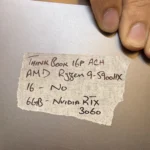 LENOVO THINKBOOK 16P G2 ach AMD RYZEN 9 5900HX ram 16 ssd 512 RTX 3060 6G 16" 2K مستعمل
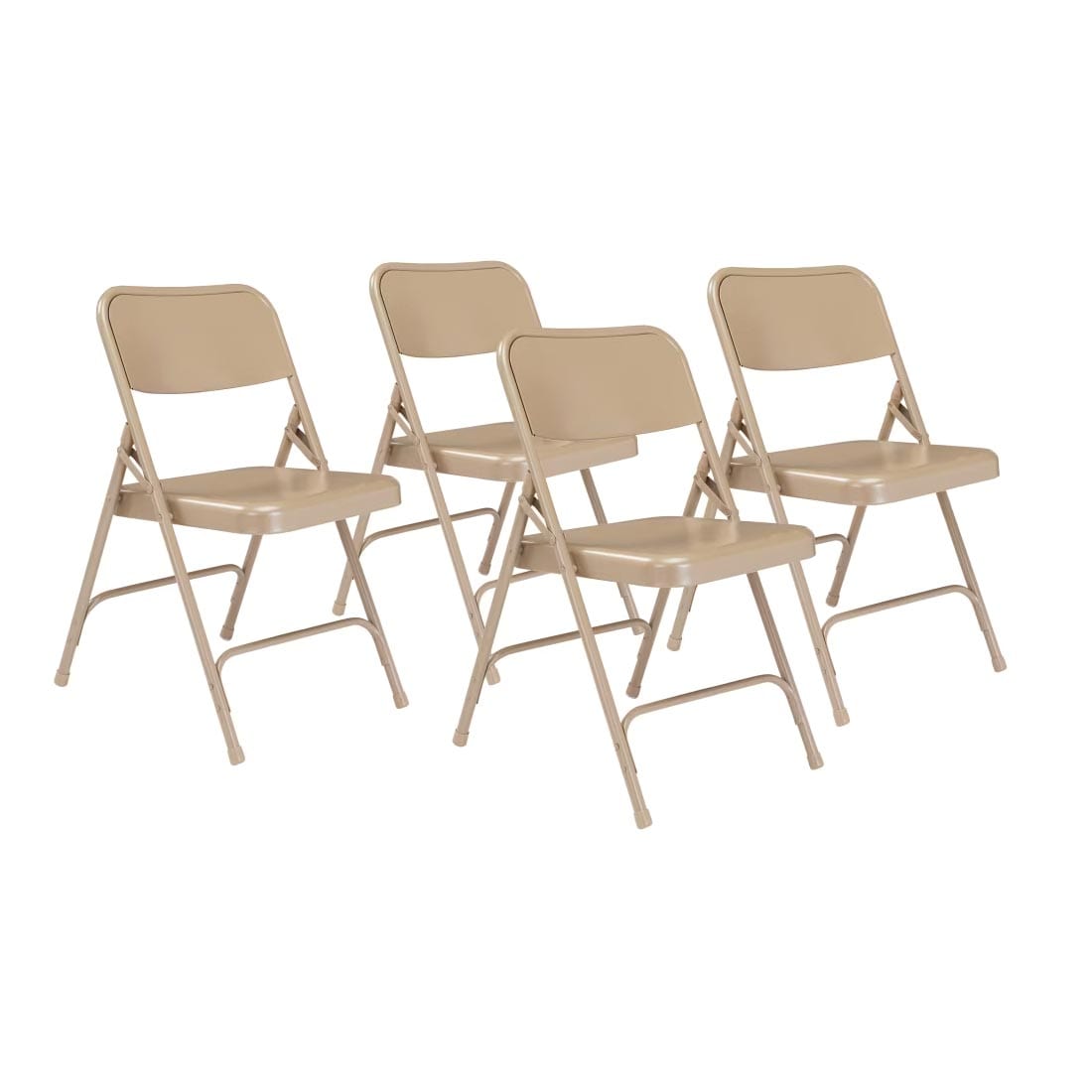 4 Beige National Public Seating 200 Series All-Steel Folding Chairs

^^^^^^^^

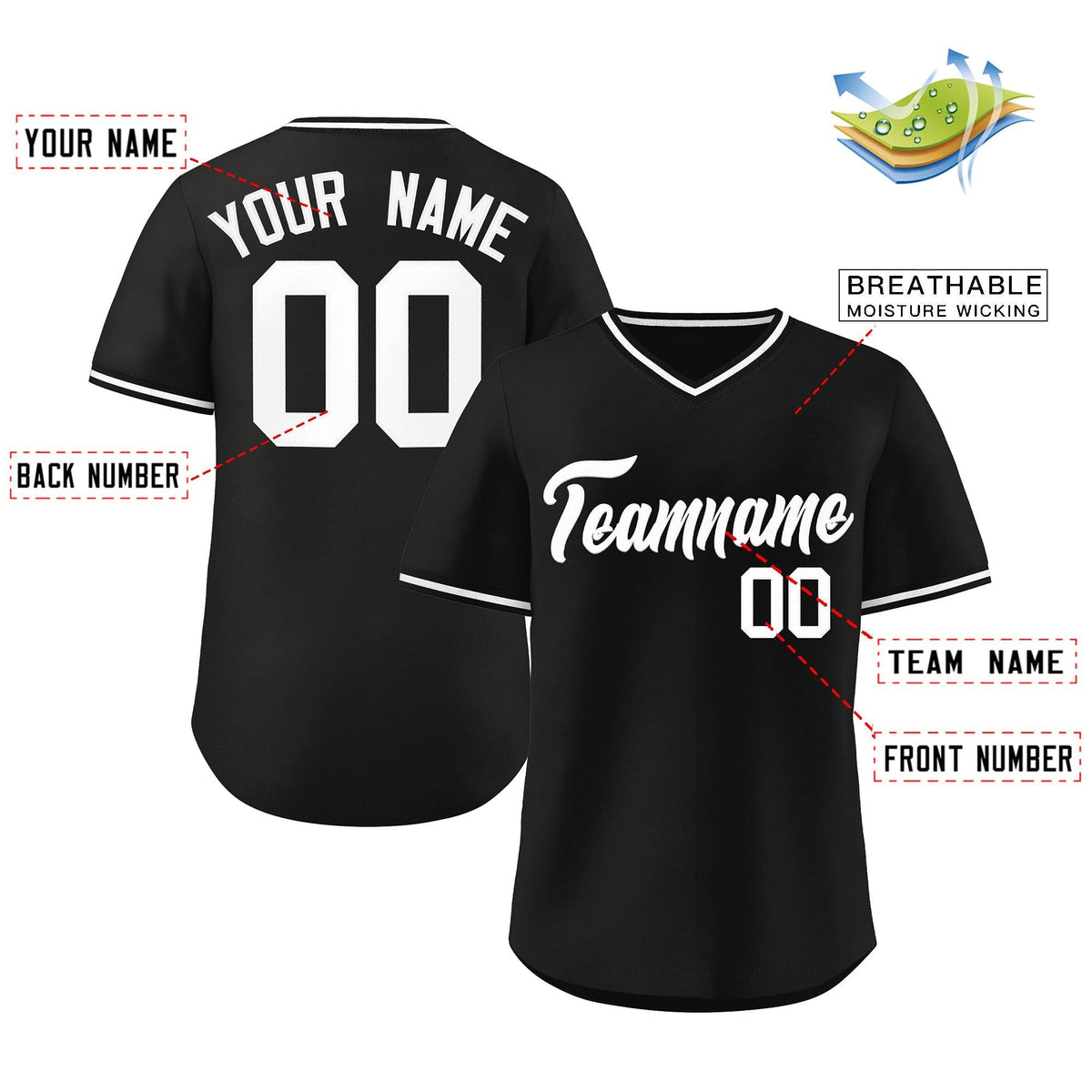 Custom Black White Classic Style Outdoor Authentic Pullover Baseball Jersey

^^^^^^^^

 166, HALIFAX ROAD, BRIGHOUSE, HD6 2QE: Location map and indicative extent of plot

^^^^^^^^

- [Work to be completed]: Output exactly the lines above that lie between the line with "LENOVO THINKBOOK 16P" and the line with "4 Beige National", those two lines included, and no pictures.

- [Task response]:
 LENOVO THINKBOOK 16P G2 ach AMD RYZEN 9 5900HX ram 16 ssd 512 RTX 3060 6G 16" 2K مستعمل
 4 Beige National Public Seating 200 Series All-Steel Folding Chairs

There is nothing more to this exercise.